Segundo uma fonte da coluna, o Republicanos já avisou o núcleo político do governador Ratinho Junior que não aceita uma eventual candidatura de Cristina ao Senado.
O recado foi transmitido sem excesso de poesia. Caso Cristina seja colocada na chapa ao Senado, o Republicanos considera deixar a aliança e seguir outro rumo em 2026.
Dentro da base governista ainda há quem tente a lógica da filiação de Cristina ao PSD. Afinal, até outro dia ela fazia oposição dura ao partido, ao prefeito Eduardo Pimentel e ao próprio grupo político do governador.
E não se tratava exatamente de divergências acadêmicas ou debates elegantes de biblioteca inglesa. Na campanha para a Prefeitura de Curitiba, Cristina bateu abaixo da linha de cintura e adotou uma linha preparada para desconstruir o grupo político que agora tenta acomodá-la no mesmo palanque.
Naturalmente, isso produziu um fenômeno raro na política paranaense. Aliados sorrindo em público enquanto se perguntam, em privado, como foram parar naquela fotografia.
Além disso, a campanha municipal de Cristina terminou cercada de desgastes e controvérsias envolvendo integrantes próximos dela, circunstância que aumentou a resistência de setores importantes da base governista à hipótese de transformá-la em candidata majoritária estadual.
No Republicanos, a leitura é bem menos emocional e muito mais pragmática. O partido considera que a construção da vaga ao Senado dentro da aliança já foi encaminhada há bastante tempo. O presidente da Assembleia Legislativa, Alexandre Curi, abriu mão de um projeto ao Governo do Estado após apelos do próprio governador e aceitou integrar a chapa governista como candidato ao Senado.

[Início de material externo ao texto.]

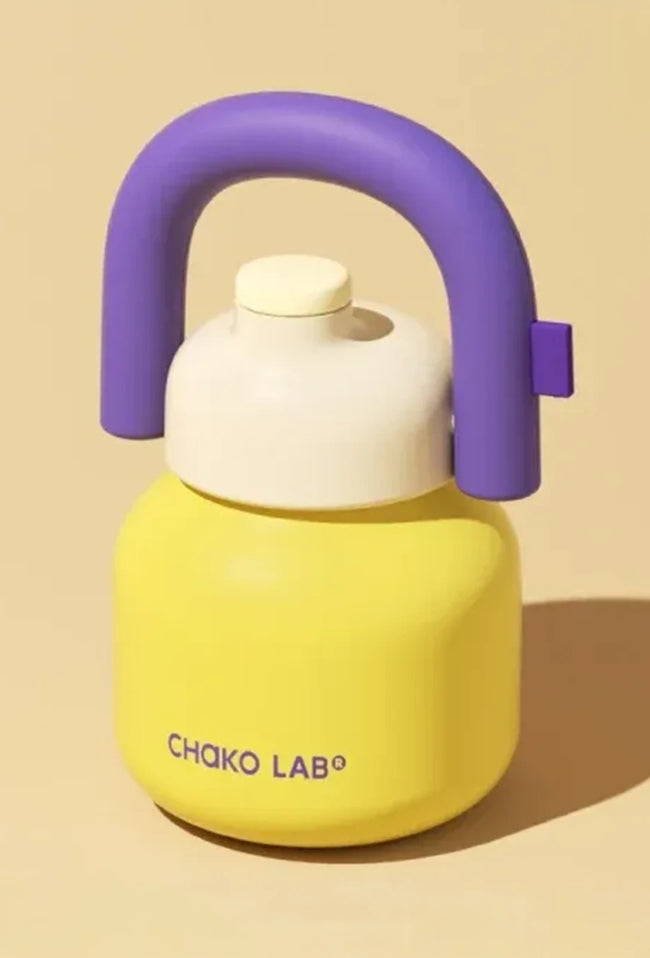 Linlin Kettle Water Bottle - Ceramic - Basque-CHAKO LAB-P&amp;K The General Store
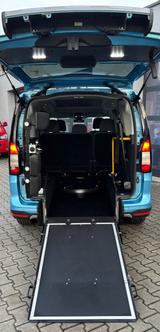 Ford Grand Tourneo Connect Behindertengerecht 5+Rolli - Ford Grand Tourneo aus 2022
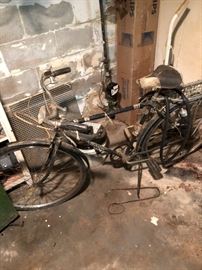 One day, I just started runnin....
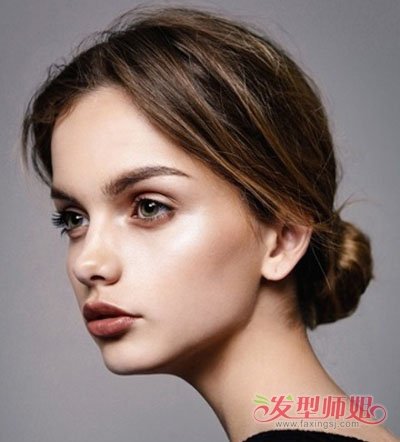 ְҵŮ�������򵥵��̷� Ůʿְҵ�̷�ͷ��ͼƬ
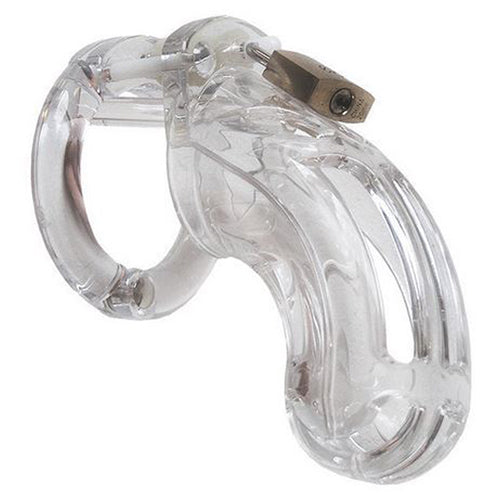 Cage de Chasteté Plastique  CB-X - The Curve
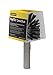 Stanley 20800 Swimming Spa Corner Pool Wall Brush, Black
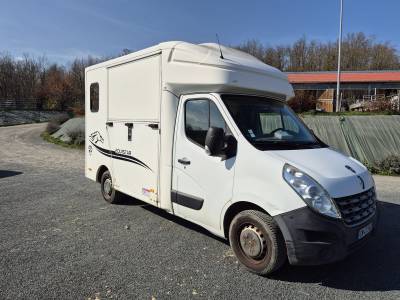 Renault master paragan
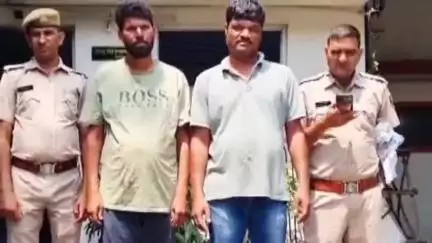 अजमेर: क्लॉक टावर थाना पुलिस ने दो स्थाई वारंटियों को गिरफ्तार किया, अभियान चलाकर कार्रवाई को दिया अंजाम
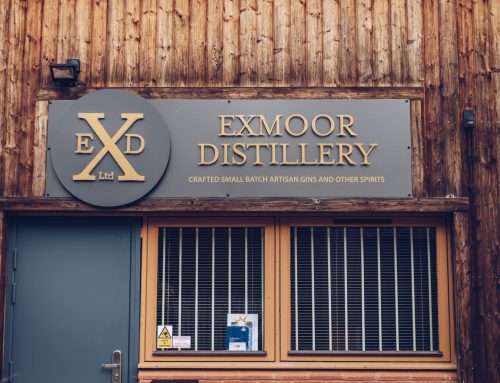 Exmoor Distillery’s New Year Round-Up of Reviews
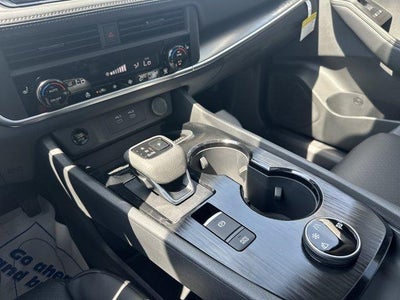 2026 Nissan Rogue 2026.5 AWD Dark Armor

Nesse cenário, dirigentes partidários consideram natural que Alexandre receba a deferência de ser tratado como o nome prioritário da aliança para a disputa ao Senado. Principalmente porque reúne apoio expressivo de prefeitos, lideranças municipais e partidos aliados, um ativo que costuma valer muito mais do que curtidas indignadas nas redes sociais.
Municipalista histórico, com vários mandatos e sucessivas votações expressivas, Alexandre consolidou-se nos bastidores como uma figura de estabilidade dentro de uma aliança que tenta justamente evitar aventuras, improvisos e turbulências desnecessárias em 2026.
Enquanto isso, cresce dentro do Palácio Iguaçu a percepção de que o caminho mais provável para Cristina é a disputa à Câmara dos Deputados. A vaga de vice na chapa governista, avaliam aliados do governador, poderá ser utilizada para acomodar outro partido estratégico na sucessão estadual.
E, convenhamos, em alianças grandes ninguém costuma guardar a cadeira principal para quem passou a campanha anterior tentando incendiar o auditório.